To do. Pictures aside, reproduce exactly each line from the one holding "Il existe une" through the last line of the material, both ends included.

Provided material.
:::::

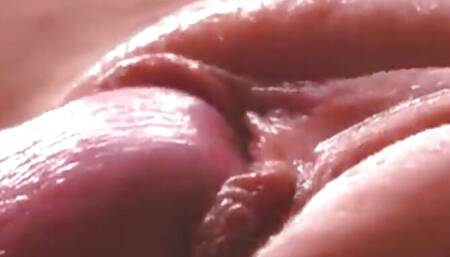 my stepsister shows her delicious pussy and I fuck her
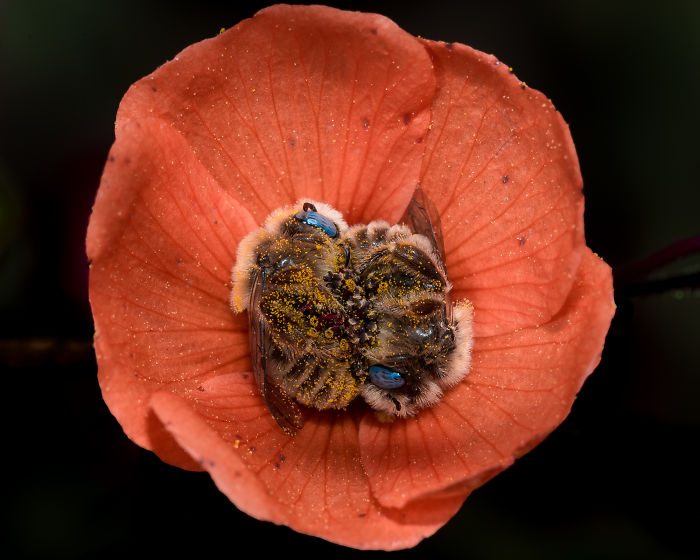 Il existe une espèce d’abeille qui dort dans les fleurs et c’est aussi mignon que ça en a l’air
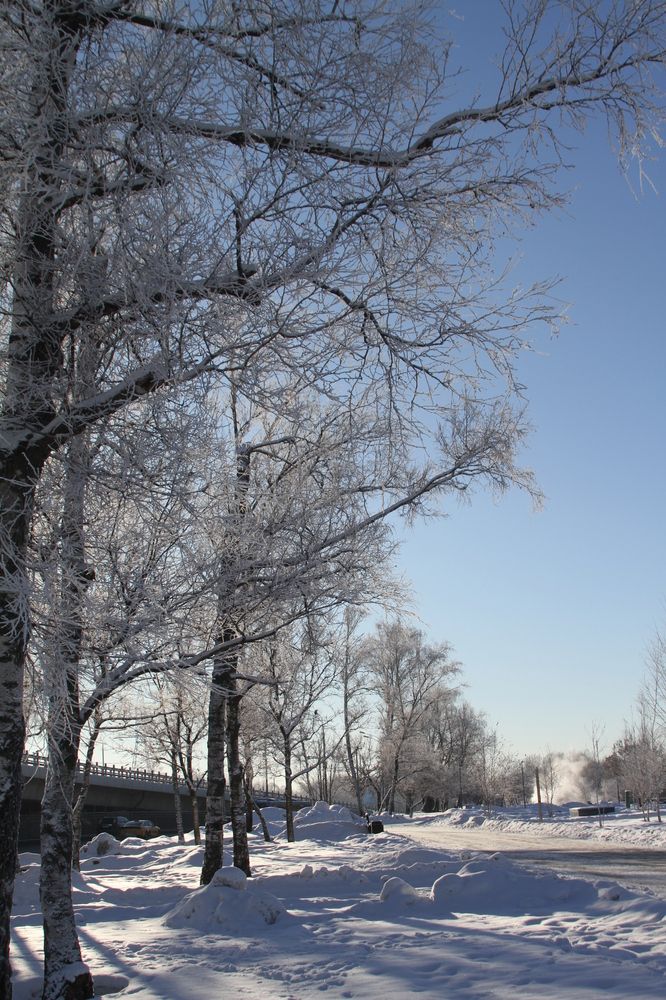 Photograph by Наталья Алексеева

:::::

Answer space.
 Il existe une espèce d’abeille qui dort dans les fleurs et c’est aussi mignon que ça en a l’air
 Photograph by Наталья Алексеева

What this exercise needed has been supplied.